El segundo libro de Bernardo Grez (1971), aparecido en agosto de 2018 y titulado «Antípodas», al igual que su entrega poética anterior, titulada «Eros y Tanatos» (2011), está organizada en dos polos. En el caso del primer libro, ya desde el título ello se hacía evidente, y ahora en «Antípodas», y en forma equiparable, se trata de los hemisferios de la luz y de la oscuridad. Ahora bien, contiene también un tercer bloque, denominado “Otros poemas – Poemas para la Chimba”, lo que de alguna forma –y fue lo que le comenté al autor– no cumple la dualidad, sino la trenza.

Existen al menos dos rasgos más que comparten estas publicaciones de Bernardo Grez: el amparo editorial en La Trastienda, de Alejandra Basualto; y la inclusión de imágenes producidas por Cristóbal Ladrón de Guevara, tanto en cubiertas como en interiores. Incluso las dimensiones de ambas publicaciones son las mismas (16 × 23 cm.), y la tipografía… De pronto parezca superfluo atender esos aspectos, pero percibo que sí son aspectos ineludibles en una publicación, sobre todo considerando que de uno a otro libro se ha optado por reiterarlos, cediendo así a una voluntad de continuidad que me parece admirable y hasta fecunda.

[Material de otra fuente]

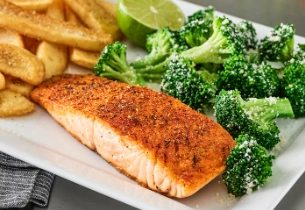 Grilled Blackened Salmon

En «Antípodas» es reconocible un mismo tono verbal entre su par de hemisferios, a pesar de la supuesta radicalidad diferenciadora que suponen luz y oscuridad, secretamente unidas por el fondo. ¿Cuáles son las antípodas? El diccionario acusa meramente la ubicación diametralmente contraria –eso de estar en Chile y estar en la China– pero además son las zonas del orbe situados desmesuradamente lejos.

En el primer hemisferio, el de la luz, varios poemas son de tono erótico. Y digo ‘varios’, en razón de que en cada hemisferio hay una cuarentena de poemas, número alto, considerando que las publicaciones de libros de poesía a veces suelen ser breves y acotadas, a veces con menos de veinte poemas1 , aunque está el contraejemplo paradigmático de «Desolación» compuesto por cien poemas.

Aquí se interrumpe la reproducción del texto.